La ’ndrangheta voleva uccidere il figlio di Gratteri

 Tutto era stato progettato da alcuni esponenti della ‘ndrangheta della Locride, nonostante fossero richiusi da tempo in carcere. L’idea era quella di uccidere uno dei figli di Nicola Gratteri, Procuratore della Repubblica di Catanzaro. In una maniera inusuale: doveva sembrare un casuale incidente stradale. 
La notizia è stata riferita da un nuovo collaboratore di giustizia, Antonio Cataldo,57 anni, esponente dell’omonimo clan di Locri. Antonio figlio di Michele e nipote di Pepè e Nicola Cataldo, due boss carismatici, ha deciso di saltare il fosso dopo una condanna a otto anni rimediata con rito abbreviato al processo «Mandamento Ionico». Da alcune settimane sta riempiendo pagine di verbali e già mercoledì prossimo potrebbe essere sentito dai magistrati nel corso dell’udienza del maxiprocesso «Riscatto – Mille e una notte», in corso davanti al tribunale di Locri. 
In realtà, però, già diversi anni fa la notizia del piano per uccidere uno dei figli del magistrato era stata intercettata nel corso di un’indagine sulle cosche della Locride. Più recentemente, nel 2016, un altro pentito, Maurizio Maviglia, esponente di un clan di Africo, aveva svelato un altro tentativo per uccidere uno dei figli di Gratteri. 

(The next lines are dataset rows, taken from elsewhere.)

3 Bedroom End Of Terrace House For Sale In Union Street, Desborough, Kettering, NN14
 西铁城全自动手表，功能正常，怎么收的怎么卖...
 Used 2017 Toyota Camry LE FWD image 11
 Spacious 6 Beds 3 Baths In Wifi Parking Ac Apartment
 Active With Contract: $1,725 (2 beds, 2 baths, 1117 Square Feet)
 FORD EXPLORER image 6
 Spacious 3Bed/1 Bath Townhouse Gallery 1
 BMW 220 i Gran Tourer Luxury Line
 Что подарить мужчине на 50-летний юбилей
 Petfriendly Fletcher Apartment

Alcuni individui, infatti, riuscirono ad intrufolarsi qualificandosi come poliziotti nello stabile, a Messina, occupato dal figlio dell’allora procuratore aggiunto di Reggio Calabria. I finti poliziotti riuscirono a farsi aprire dal ragazzo, ignaro di tutto. Una volta dentro i due presero l’ascensore per raggiungere il terzo piano dove si trovava l’appartamento del giovane universitario. Il figlio del magistrato attese il loro arrivo sull’uscio. Quando però, l’ascensore si fermò il ragazzo notò che dentro c’erano due persone mascherate con passamontagna. Con freddezza rientrò in casa, si barricò e chiamò il padre. 
Nei mesi scorsi Antonio Cataldo, nel corso delle sue deposizioni, ha rilanciato la possibilità di un agguato, sostenendo di averlo saputo in carcere, nel 2013 da Guido Brusaferri, altro esponente della ‘ndrangheta locrese con il quale ha diviso la cella. 
In particolare al magistrato della distrettuale di Reggio Calabria Antonio Calamita che l’ha interrogato Antonio Cataldo ha riferito che si parlava di questo progetto nelle ore d’aria, e ha puntualizzato anche temporalmente il periodo. «I clan si sono allarmati quando il nome del procuratore Nicola Gratteri era stato indicato come possibile ministro della Giustizia» ha raccontato ai magistrati Cataldo. Precisando: «I clan, tutti, temevano delle... dei processi... e leggi più ferree. C’era un allarme generale». 
La collaborazione di Antonio Cataldo, potrebbe aprire scenari inediti nel panorama della criminalità organizzata della Locride. Tanti sono i delitti rimasti impuniti negli ultimi 20 anni. E, soprattutto, il nuovo collaboratore di giustizia potrebbe rivelare particolari anche su omicidi eccellenti, come quello del vice presidente del Consiglio regionale della Calabria Francesco Fortugno, ucciso nel 2005 a Locri. 
Per anni i Cataldo si sono fatti la guerra con i Cordì, altra cosca di Locri. Decine sono stati i morti. Poi la pace, siglata in nome degli affari e di una possibile spartizione di lucrosi progetti imprenditoriali e anche interessi nel settore pubblico.